- **LISTED ENTRIES**
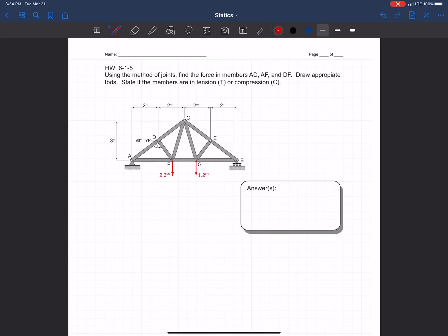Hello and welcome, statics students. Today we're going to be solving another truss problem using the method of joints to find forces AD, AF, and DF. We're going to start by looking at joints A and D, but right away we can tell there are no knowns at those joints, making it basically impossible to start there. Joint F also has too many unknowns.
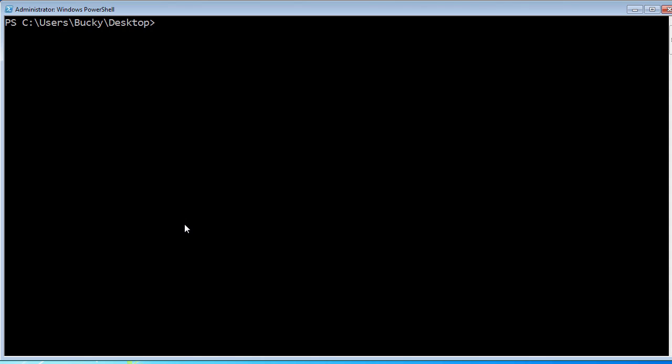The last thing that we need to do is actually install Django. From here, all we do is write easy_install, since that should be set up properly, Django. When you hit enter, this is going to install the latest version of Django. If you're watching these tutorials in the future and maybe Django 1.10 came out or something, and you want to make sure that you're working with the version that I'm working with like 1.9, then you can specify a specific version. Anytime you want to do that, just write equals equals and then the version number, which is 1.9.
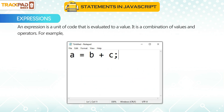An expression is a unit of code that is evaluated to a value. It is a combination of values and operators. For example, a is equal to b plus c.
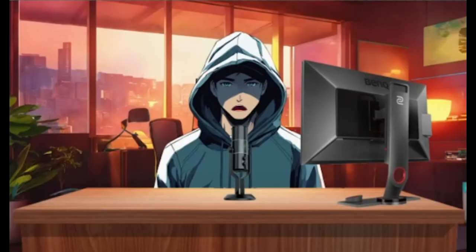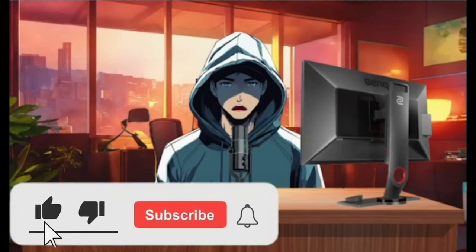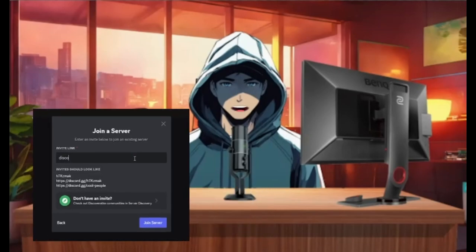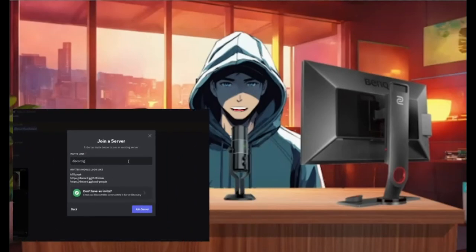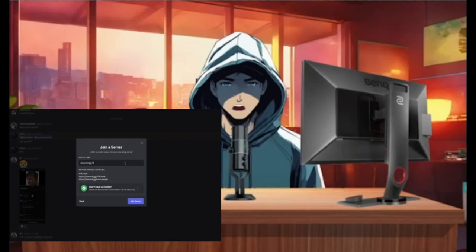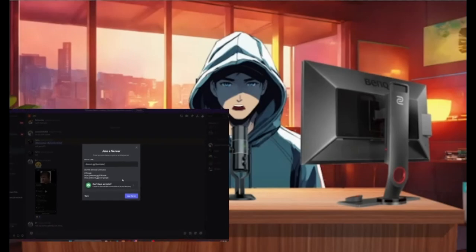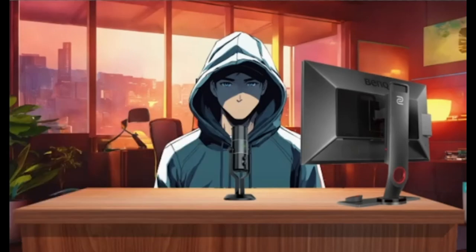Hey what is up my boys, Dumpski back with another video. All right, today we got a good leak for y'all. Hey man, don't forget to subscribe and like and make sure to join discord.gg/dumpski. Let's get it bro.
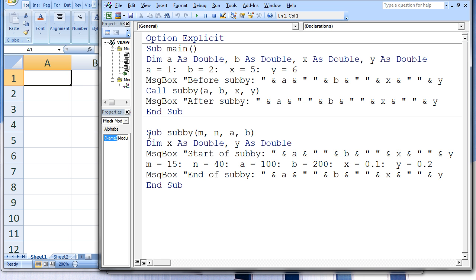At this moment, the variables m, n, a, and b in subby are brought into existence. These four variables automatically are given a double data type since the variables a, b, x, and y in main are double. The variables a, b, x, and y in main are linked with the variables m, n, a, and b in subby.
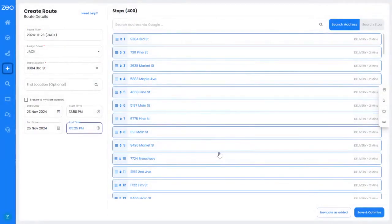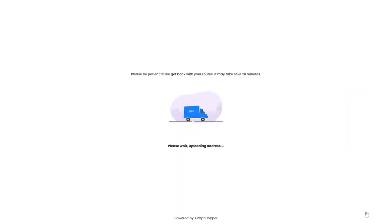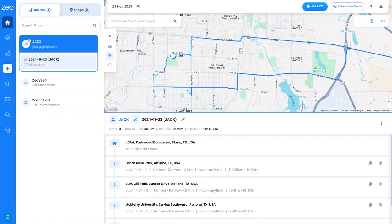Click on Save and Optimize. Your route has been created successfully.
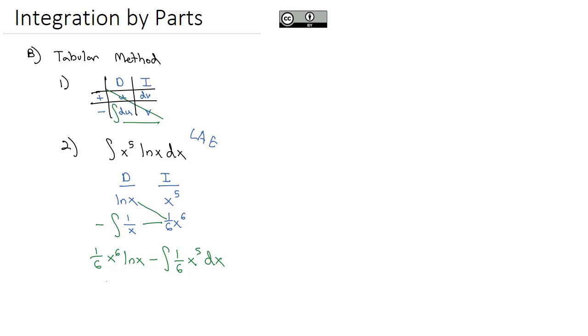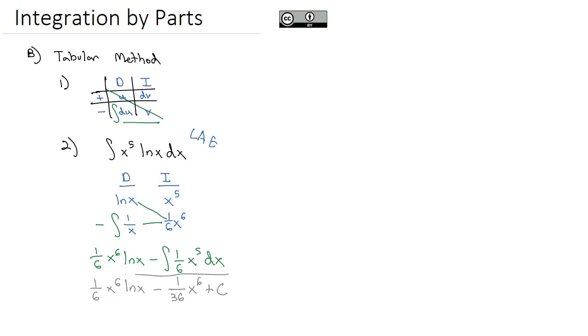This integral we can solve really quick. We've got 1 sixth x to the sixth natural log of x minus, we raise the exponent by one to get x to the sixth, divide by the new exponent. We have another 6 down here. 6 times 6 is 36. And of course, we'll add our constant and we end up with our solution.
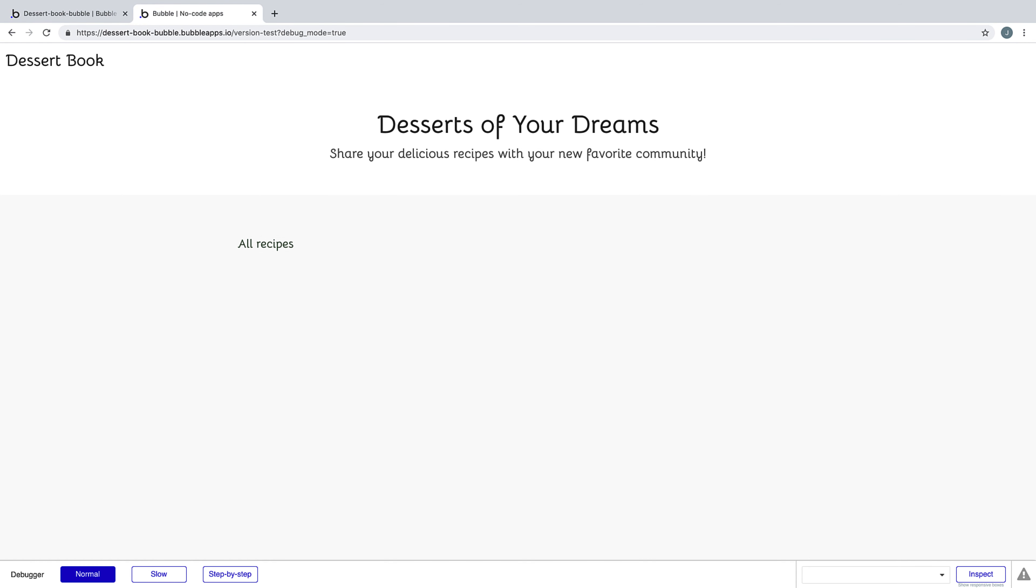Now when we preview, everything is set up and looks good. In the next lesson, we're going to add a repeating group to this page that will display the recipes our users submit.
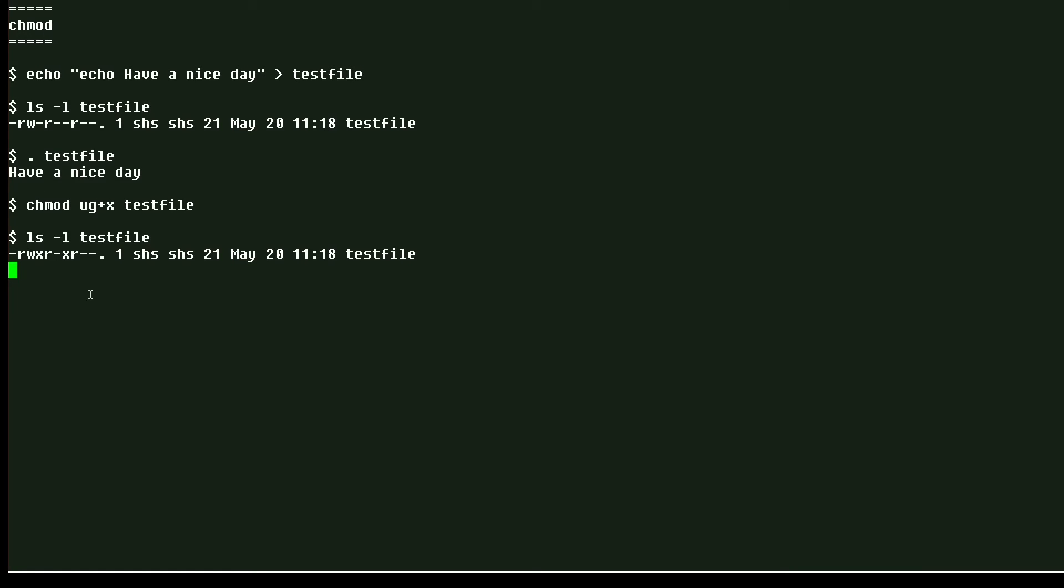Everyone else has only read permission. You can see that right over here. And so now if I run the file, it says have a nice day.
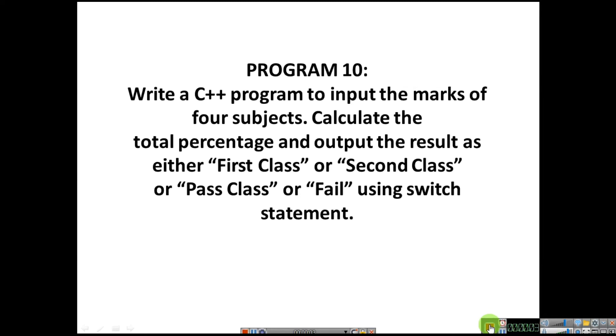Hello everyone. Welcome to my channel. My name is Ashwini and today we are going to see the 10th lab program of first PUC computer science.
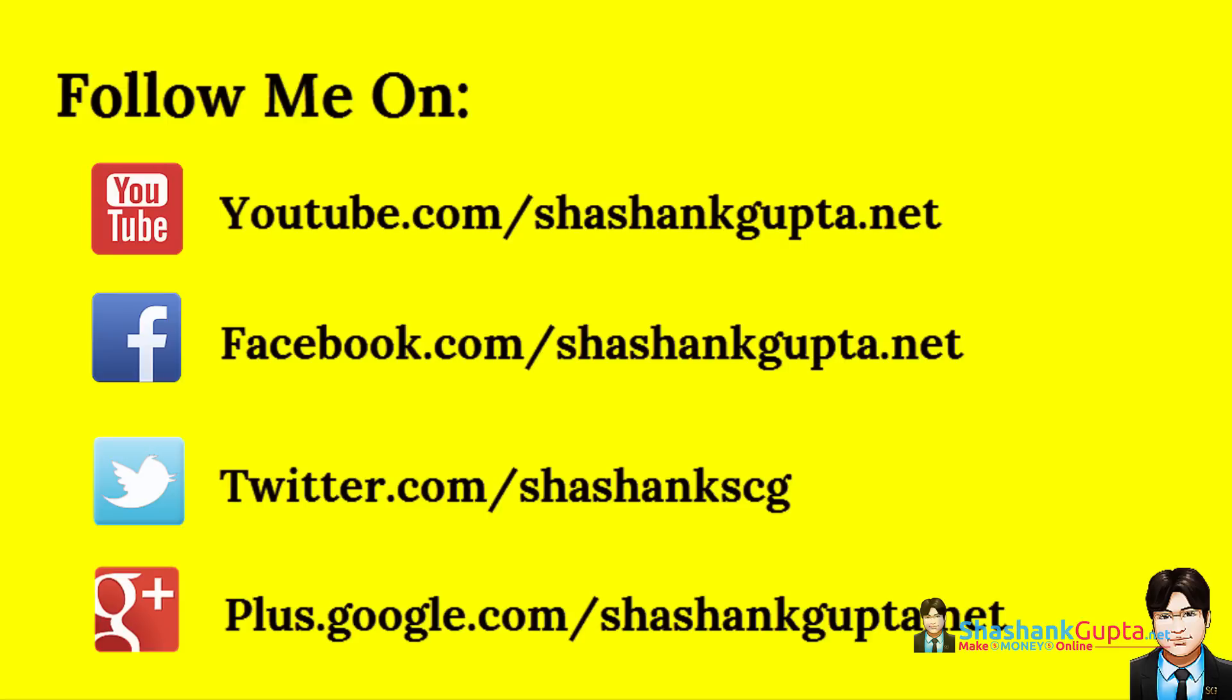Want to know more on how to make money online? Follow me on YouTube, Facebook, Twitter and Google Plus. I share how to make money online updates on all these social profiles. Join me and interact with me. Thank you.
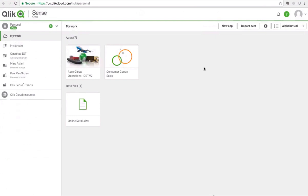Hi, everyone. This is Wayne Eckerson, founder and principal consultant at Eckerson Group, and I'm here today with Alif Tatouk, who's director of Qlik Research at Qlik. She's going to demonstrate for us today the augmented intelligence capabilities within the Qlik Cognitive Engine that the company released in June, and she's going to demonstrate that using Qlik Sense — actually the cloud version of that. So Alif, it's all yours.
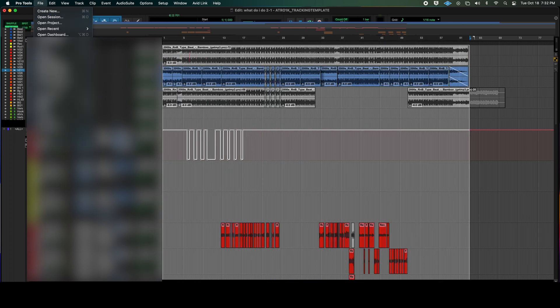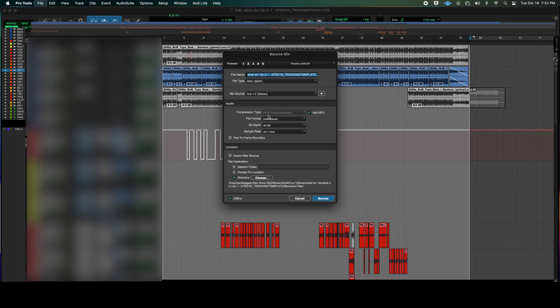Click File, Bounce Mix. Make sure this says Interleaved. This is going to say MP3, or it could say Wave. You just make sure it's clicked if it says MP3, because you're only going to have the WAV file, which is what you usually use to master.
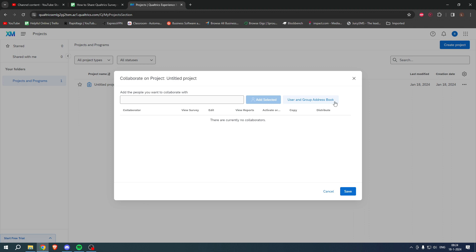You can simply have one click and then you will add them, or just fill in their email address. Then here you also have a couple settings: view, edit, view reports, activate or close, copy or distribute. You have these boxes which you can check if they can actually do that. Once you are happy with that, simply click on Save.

- **TASK**
In the records above, find the line with "The last thing". Print exactly from there through the line with "An expression is", minus the pictures.

- **FINISHED TASK**
The last thing that we need to do is actually install Django. From here, all we do is write easy_install, since that should be set up properly, Django. When you hit enter, this is going to install the latest version of Django. If you're watching these tutorials in the future and maybe Django 1.10 came out or something, and you want to make sure that you're working with the version that I'm working with like 1.9, then you can specify a specific version. Anytime you want to do that, just write equals equals and then the version number, which is 1.9.
An expression is a unit of code that is evaluated to a value. It is a combination of values and operators. For example, a is equal to b plus c.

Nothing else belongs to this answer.